A Population Dynamics Model of Mosquito-Borne Disease Transmission, Focusing on Mosquitoes’ Biased Distribution and Mosquito Repellent Use

Abstract

We present an improved mathematical model of population dynamics of mosquito-borne disease transmission.

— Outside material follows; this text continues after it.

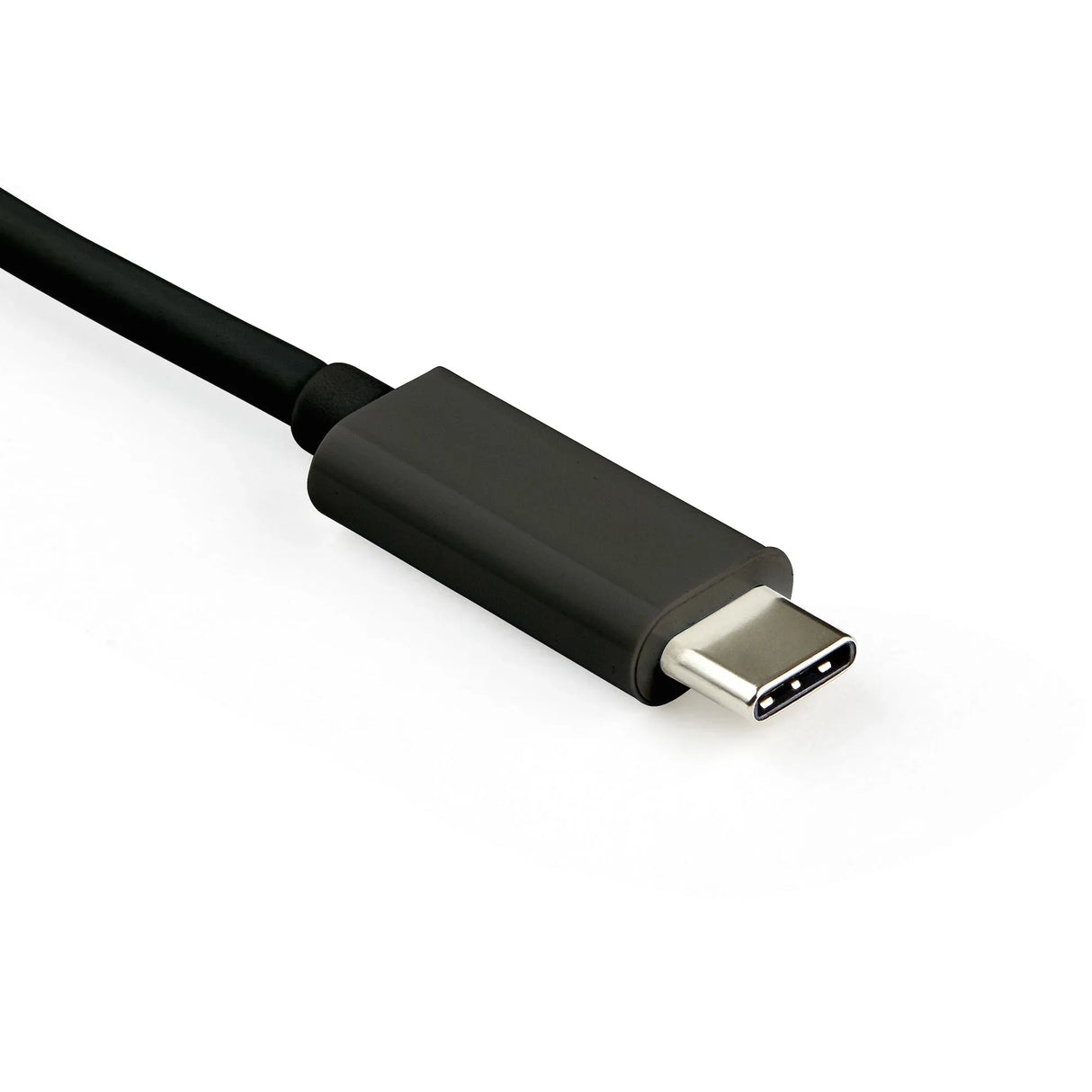 STARTECH USB C to DisplayPort Adapter with Power Delivery - 8K 60Hz |4K 120Hz USB Type C to DP 1.4 Video Converter w| 60W PD Pass-Through Charging - HBR3 - Thunderbolt 3 Compatible (CDP2DP14UCPB) (CDP2DP14UCPB)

Our model considers the effect of mosquito repellent use and the mosquito’s behavior or attraction to the infected human, which cause mosquitoes’ biased distribution around the human population. Our analysis of the model clearly shows the existence of thresholds for mosquito repellent efficacy and its utilization rate in the human population with respect to the elimination of mosquito-borne diseases. Further, the results imply that the suppression of mosquito-borne diseases becomes more difficult when the mosquitoes’ distribution is biased to a greater extent around the human population.

Appendices

Derivation of the Basic Reproduction Number \({\mathscr {R}}_0\)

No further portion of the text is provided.